The girls grew up listening to Ofra Haza (“The Israeli Madonna”) cassettes from their grandmother. While they don’t go to Israel super often, Alana explained, “I’ve always felt like a deep connection to the country.” In a different interview she said, “There is something in Israel that I can not explain, energy that you can feel maybe only in New York, energy that enters you into your body and flows through your veins. You always feel comfortable there, it’s a feeling that even if you get lost, you’re safe.” Este added: “Israel is my family. I hear the word Israel and I am automatically happy, we grew up listening to Israeli music all the time.”
They adore their mom (and their mom’s kugel), telling The Jewish Chronicle, “our mother makes the best sweet kugel. We also love making latkes all year round.” They also grew up doing very normal Jewish kid stuff (besides eating latkes), like playing AYSO Soccer.
Soon, Moti suggested they form a band with their kids, called “Rockinhaim.” Donna remembers, “It was such a crazy dream that came to reality.” The band wasn’t a “bid for fame, but strictly recreational.” As Alana told Spin, “Doing Rockinhaim was more of a fun family activity. People thought we were cute. It was never like a really serious thing.”
As Danielle explained to Vogue, “Dad played drums, Mom played guitar, Este played bass, and Alana played everything else.” She’s also said, “I think I always thought it was kind of cool [to play music with my parents]. Sometimes I would get embarrassed about song choices.” (The first song they learned was “Mustang Sally.”)
Rockinhaim played its first show at Canter’s Deli in Fairfax, Los Angeles. The sisters later recounted that “for their first ever show they played at a Jewish deli in Hollywood and were paid in matzah ball soup.”
As the sisters grew up, they started their own band in 2007. After they begin, Moti remembers, “we had to beg people to come” to their shows. They considered calling their band “The Bagel Bitches,” but eventually just went with their last name.
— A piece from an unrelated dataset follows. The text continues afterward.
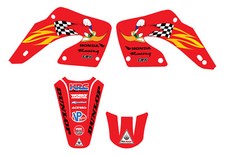2000 2001 HONDA WOODY GRAPHICS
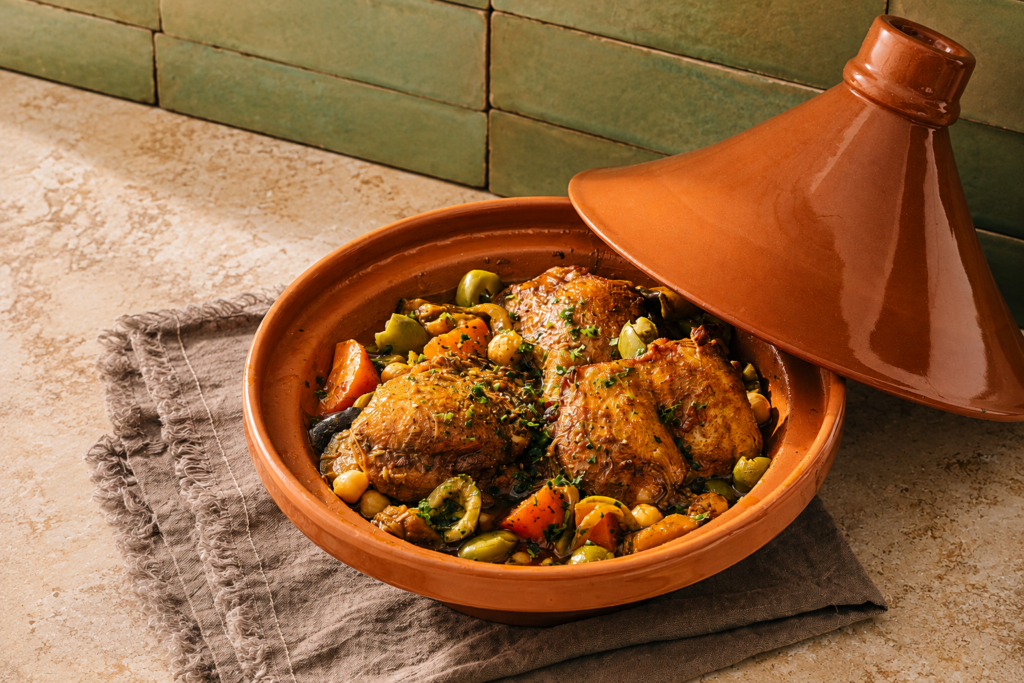 Moroccan Chicken Tagine: Authentic Fès-Style Recipe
And they weren’t worried about being visibly Jewish or Israeli; Este said in 2013, “The bottom line is that we are proud of who we are and we have no intention of hiding our background and identity.”
Sidenote: Their fans call themselves the bagel bitches.
They still lived with their parents in 2013 when they released their debut album, Days are Gone. As Rolling Stone writes, their parents’ living room holds a special magic for the sisters. “Over the years, the room had transformed into a practice space and recording studio, as their father Moti filled it with instruments and gear he’d purchased at estate sales and flea markets.” Este explained, “All of our band rehearsals until recently were in our living room, and we wrote every song in our living room.”
Their parents, of course, are such an important part of the sisters’ lives. As one profile from 2017 explains, Haim has “an unwavering and constant appreciation for their parents being cool and supportive when they were younger and even cooler now, with [Moti] and Donna joining them on tour during real estate lulls, where [Moti] kicks around a soccer ball with other bands and Donna making sure everyone has had enough to eat backstage, creates an impenetrably wholesome and polite comportment…”
Above all, their love and appreciation for their parents feels genuine. Este says, “Sometimes I think the bands we tour with like our parents more than they like us.”
Este told Buzzfeed that she couldn’t remember any Jewish female pop divas growing up: “Who was a hot, babe-in Jewish girl who was doing her thing? I can’t even recall. Am I blanking?” Yet, Este goes on to say, “it wasn’t a conscious thing that I sought out, to find a Jewish role model.” Conscious or not, for many young Jewish women now, the Haim sisters have become icons.